When Ralf and Karen Tschenscher moved to the City of North Vancouver in October last year, they noticed a lot of garbage strewn along streets, paths and waterfront.
Although they saw city workers cleaning streets, they still decided to do their part.
They bought a garbage picker and bags and ended up collecting 30 pounds in just a few hours.
“We love our neighbourhood and thought this was a good way to help out, while enjoying the beauty of the area and exploring our new surroundings,” Karen says.
Though they have collected a variety of things, smokers remain the biggest offenders.
“There are lots of butts out there, plastic strips from packaging, as well as the boxes themselves,” Karen says.
Having noticed smoking detritus between two park benches at Chesterfield and Keith Road, they have now zip-tied a can to a bench where smokers can discard the cigarette butts.
“We’ve picked up things from broken glass, fast food packagings and drink/coffee cups, to clothing and even a foot-long shoehorn,” Karen says.
“We also pick up a large quantity of plastic bags, some filled with dog waste, cups and straws.”
The couple has also approached CNV councilor Don Bell on the issue, who recently brought a motion to enable local citizens like Karen and Ralf to adop a street or a trail.
“Don has championed many causes over the years and really listens to and supports citizens’ ideas. He is passionate about the City and is a wonderful advocate for many,” says Karen.
Coun. Bell says many Lower Mainland municipalities have formal programs that invite residents and, in some cases, businesses and community groups, to Adopt-A-Street, Road, Path, Block, or Trail.
Typical program features include guidelines and training, including personal safety. Some municipalities also provide pickup bags and other items to assist participants.

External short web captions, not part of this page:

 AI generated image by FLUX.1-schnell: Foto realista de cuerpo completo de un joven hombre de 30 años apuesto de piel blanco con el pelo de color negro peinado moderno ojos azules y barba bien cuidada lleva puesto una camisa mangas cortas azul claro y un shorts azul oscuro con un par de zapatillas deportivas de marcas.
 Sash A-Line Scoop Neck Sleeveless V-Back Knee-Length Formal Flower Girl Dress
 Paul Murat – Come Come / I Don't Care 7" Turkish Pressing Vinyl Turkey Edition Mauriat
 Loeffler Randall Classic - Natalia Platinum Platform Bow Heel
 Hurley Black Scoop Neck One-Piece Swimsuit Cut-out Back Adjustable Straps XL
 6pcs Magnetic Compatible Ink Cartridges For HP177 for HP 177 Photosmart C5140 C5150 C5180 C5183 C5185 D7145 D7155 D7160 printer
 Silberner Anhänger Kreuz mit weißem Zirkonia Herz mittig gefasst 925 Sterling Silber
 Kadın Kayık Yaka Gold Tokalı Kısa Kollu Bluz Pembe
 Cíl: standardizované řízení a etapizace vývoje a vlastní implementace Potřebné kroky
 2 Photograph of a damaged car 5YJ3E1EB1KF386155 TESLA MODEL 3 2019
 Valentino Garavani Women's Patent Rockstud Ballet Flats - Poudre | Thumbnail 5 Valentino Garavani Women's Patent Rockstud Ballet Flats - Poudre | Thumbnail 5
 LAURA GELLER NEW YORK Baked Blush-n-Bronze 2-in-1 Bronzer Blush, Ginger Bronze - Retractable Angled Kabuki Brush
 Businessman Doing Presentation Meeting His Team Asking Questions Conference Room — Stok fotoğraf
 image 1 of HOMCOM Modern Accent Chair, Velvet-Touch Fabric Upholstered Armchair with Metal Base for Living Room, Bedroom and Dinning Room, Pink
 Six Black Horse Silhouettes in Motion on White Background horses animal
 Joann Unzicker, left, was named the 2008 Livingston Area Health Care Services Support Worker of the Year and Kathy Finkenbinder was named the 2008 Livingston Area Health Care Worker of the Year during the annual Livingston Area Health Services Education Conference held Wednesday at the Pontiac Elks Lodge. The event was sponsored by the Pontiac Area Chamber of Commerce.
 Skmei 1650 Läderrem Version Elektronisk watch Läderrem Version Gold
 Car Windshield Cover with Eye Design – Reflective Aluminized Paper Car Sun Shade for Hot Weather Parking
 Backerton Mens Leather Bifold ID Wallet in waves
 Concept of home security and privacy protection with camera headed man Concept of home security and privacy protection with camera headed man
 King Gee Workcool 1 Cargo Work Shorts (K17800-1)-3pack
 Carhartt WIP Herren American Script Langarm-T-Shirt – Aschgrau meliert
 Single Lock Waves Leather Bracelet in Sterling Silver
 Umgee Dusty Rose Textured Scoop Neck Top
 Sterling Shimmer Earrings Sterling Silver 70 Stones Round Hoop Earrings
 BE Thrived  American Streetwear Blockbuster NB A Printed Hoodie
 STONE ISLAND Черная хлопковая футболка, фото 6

“I believe there should be a volunteer program where interested residents and businesses can show their pride in our community by helping keep their neighbourhood streets, pathways and trails clean from litter,” Bell says.
The Tschenschers want CNV to offer safety supplies for citizens who wish to participate such as pickers, high-visibility vests, bags and gloves.
“We feel it’s a fairly inexpensive past-time and could really help to keep our city beautiful, clean and safe,” they say.
“Especially during COVID, we feel this could also be a constructive way for people who are limited in activities to get out and make a difference while getting some exercise and fresh air.”